Weicheng Town is under the administration of Guiyang City, capital of China's southwestern Guizhou Province. The area has nearly 30,000 residents, some of whom live in villages scattered around the mountains.
Wang Hua is a staff member at the branch post office in Weicheng. There are about 300 letters and parcels for him to deliver on a daily basis. Usually, he carries the 40 kg mailbag on the motorcycle and tramps over the mountains. "Some of the parcels are fresh fruits from the folks' children, which could go bad very quickly,” Wang said. “The parcels also include emergency medicines, ID cards people need urgently for their business."
Wang begins work at 8 am. He has to walk about 100 km per day to cover all the villages and finishes at about 6 pm. It takes longer when the weather is terrible. Knowing that the parcels are eagerly expected, Wang takes good care of them as if they were of his own. "The job is about earning people's trust," he said.
He takes the same route three times a week, and he is quite familiar with the villagers, whom he often runs into and has brief chats with.
In January of this year, Wang's duties changed a lot. A pilot drone delivery project was launched at the branch post office where he works.
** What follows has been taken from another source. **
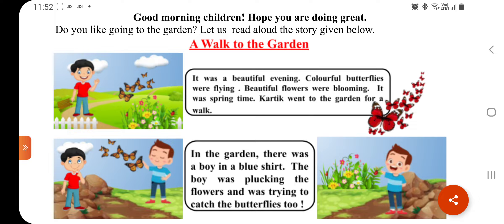It was a beautiful evening. Colorful butterflies were flying. Beautiful flowers were blooming. It was springtime. Karthik went to the garden for a walk. It was a very beautiful evening.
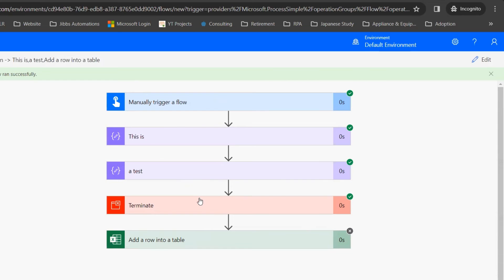This is a great way to test the flow without having to do any subsequent steps. I'd like to hear more about how you use the Terminate action when testing your flows. Please comment below. As always, we'll see you in the next video. Take care, everyone. Bye-bye.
An R&D company sets the course of the drone in Hangzhou City, Zhejiang Province. Wang is in charge of the takeoff procedure. In the morning, he lays a blue and red blanket on the ground. It's a positioning device for takeoff and landing. Then he mounts the packages under the belly of the drone and checks the battery before he sets it off by scanning the QR code on the machine.
A fully charged drone can fly for 30 minutes carrying the cargo of 5 kg, enough for it to reach the nearby villages. There's a relay person in every village who guides the drone with another blanket, gets the mail and replaces the battery. In this way, the parcels are delivered across the town with efficiency.
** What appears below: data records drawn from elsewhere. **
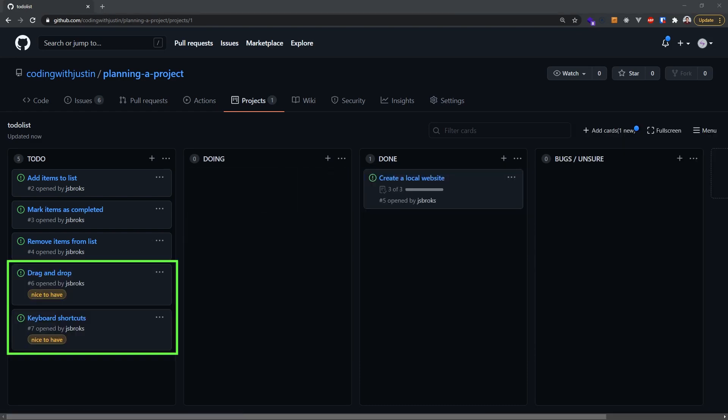I've also added some nice labels so we know which tasks to prioritize. The nice features we identified earlier don't really need to be implemented until the end. Then once we have done all the items in our list, we can move the card into the Done column and get cracking on the next one.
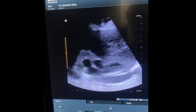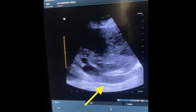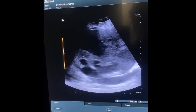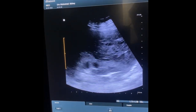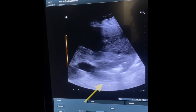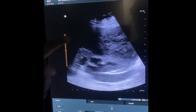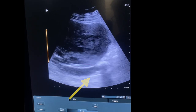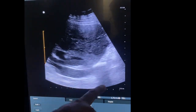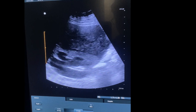The ureter is being assessed — it is generally found more medially, and by slowly dragging the probe down, you can trace the ureter. When tracing the ureter down, you can clearly identify an echogenic shadow in the upper ureter suggestive of a stone, which is also casting an acoustic shadow.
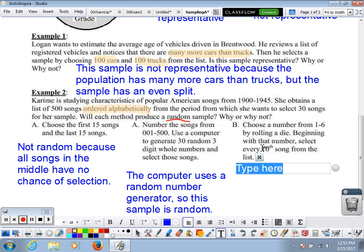The next method: choose a number from one to six by rolling a die, then beginning with that number, select every tenth song from the list. At first glance this seems random because you're rolling a die and picking every tenth song. But we're only picking 30 songs from a list of 500, which means the last 200 songs on that list have very limited — in fact, zero — chance of being selected.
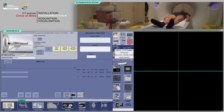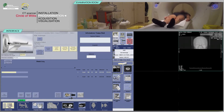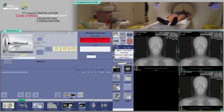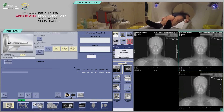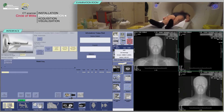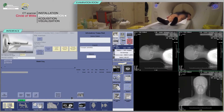On the keyboard, move the table and launch the acquisition when the buttons flash. Repeat to obtain a lateral scalp view, then click on next series.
While it took a day to deliver the mails, the drone can do it within an hour.
"Once, an old lady in Lianhua Village had her daughter buy her some emergency medicine online. It would've taken me three hours on a motorcycle to deliver it. But with the drone, it took less than 20 minutes," said Wang.
Many villagers had never seen a drone before. "At first, people were astonished. They gathered in our place just to watch how it works." Some of them asked about the timetable and went to watch several times.
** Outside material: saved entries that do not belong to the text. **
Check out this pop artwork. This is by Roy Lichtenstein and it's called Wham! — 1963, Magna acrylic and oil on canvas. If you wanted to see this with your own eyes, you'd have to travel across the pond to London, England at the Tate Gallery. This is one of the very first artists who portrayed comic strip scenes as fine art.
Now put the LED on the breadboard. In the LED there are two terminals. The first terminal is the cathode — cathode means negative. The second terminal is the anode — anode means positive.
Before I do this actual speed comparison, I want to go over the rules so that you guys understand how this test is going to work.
Now that the drone delivery is well accepted, only the heavy parcels are delivered using motorcycles. The R&D company collects data on the drone's performance in the town in the hope that the service could be introduced to more remote villages.
"No matter what tools I use to deliver, I'm always closely connected with the villagers," says Wang. Technology may change many things, but the principle of a postman to deliver fast and reliably will always be the same.